Analysts following the reveal were skeptical the vehicle could make a dent in the lucrative pickup segment, especially with Ford and General Motors both working on their own electric pickups.

GM CEO Mary Barra said the automaker's first electric pickup truck model will go on sale in the fall of 2021. "It will be a very capable truck, I'm pretty excited about it," Barra said at an investor conference in New York on Thursday.

Ford aims to sell an electric F-series in late 2021, Reuters reported.

Electric pickups and SUVs could help Ford and GM generate the significant EV sales they will need to meet tougher emission standards and EV mandates in California and other states. The Trump administration is moving to roll back those standards, but electric trucks are a hedge if California prevails

Demand for full-size electric pickups in the near term may not be huge. Industry tracking firm IHS Markit estimates the electric truck segment - both full- and midsize models - will account for about 75,000 sales in 2026, compared with an expected 3 million light trucks overall. The Tesla pickup is not part of that estimate.

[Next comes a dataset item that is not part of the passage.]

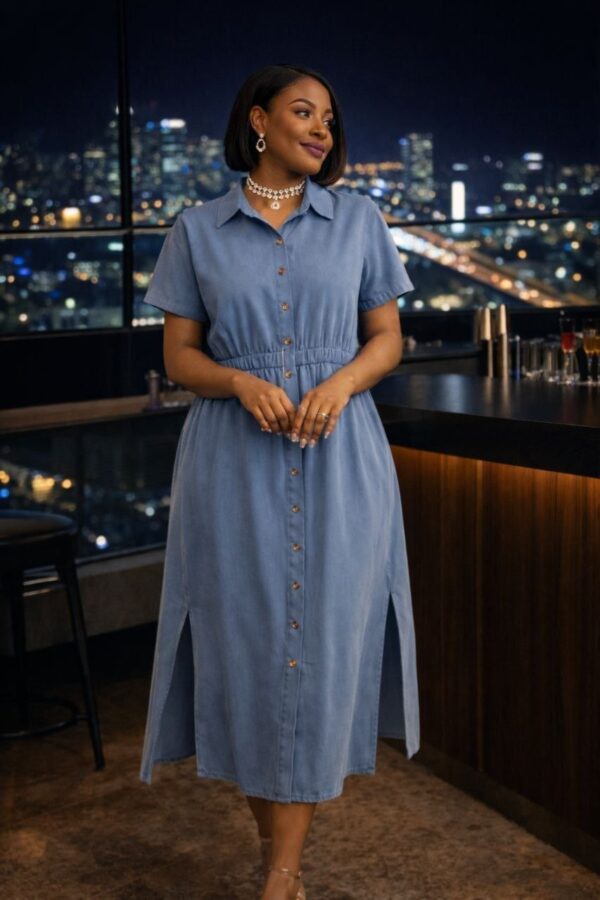 Short Sleeve Button-Front Midi Dress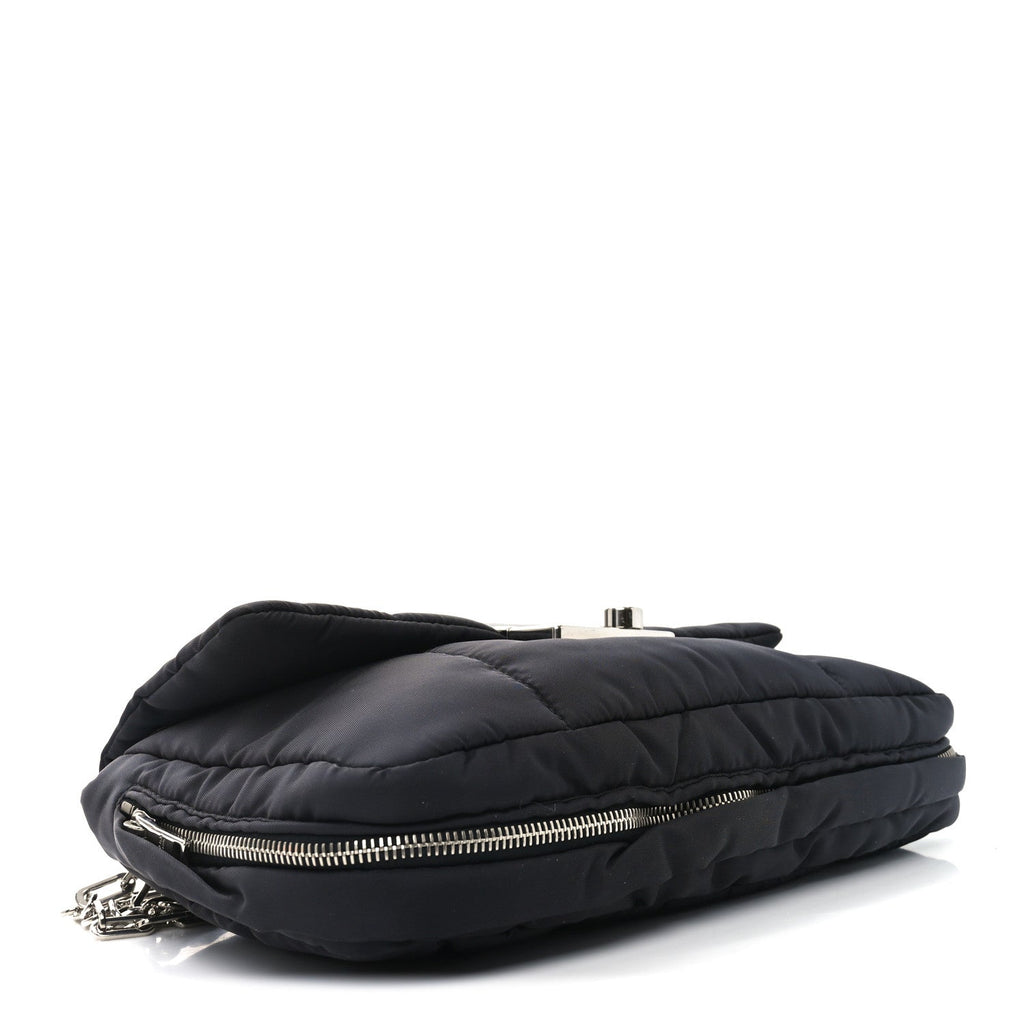 Tessuto Nylon Bomber Sound Chain Flap Shoulder Bag Black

Tesla's pickup "will be a niche product at best and poses no threat in the pickup market as we know it today," Matt DeLorenzo, senior executive editor at Kelley Blue Book, said in a statement. "The other downside is that this truck will have no federal tax credits by the time it comes out.”

Tesla's Model 3 sedan is the world's top-selling battery electric car. The California-based automaker has so far sold mostly Model S and Model 3 sedans, but also offers the Model X SUV and starting next year the Model Y compact SUV.

Reactions on Twitter ranged from love to hate of Tesla's sharply angled vehicle.

"I just watched tesla release the #cybertruck and honestly? My life feels complete," wrote @aidan_tenud, while @nateallensnyde wrote "Its nice to see Elon Musk make a cardboard box car he drew in kindergarten."

Musk earlier tweeted that the design was partly influenced by the Lotus Esprit sports-car that doubled as a submarine in the 1970s James Bond film "The Spy Who Loved Me" as well as by the movie Blade Runner.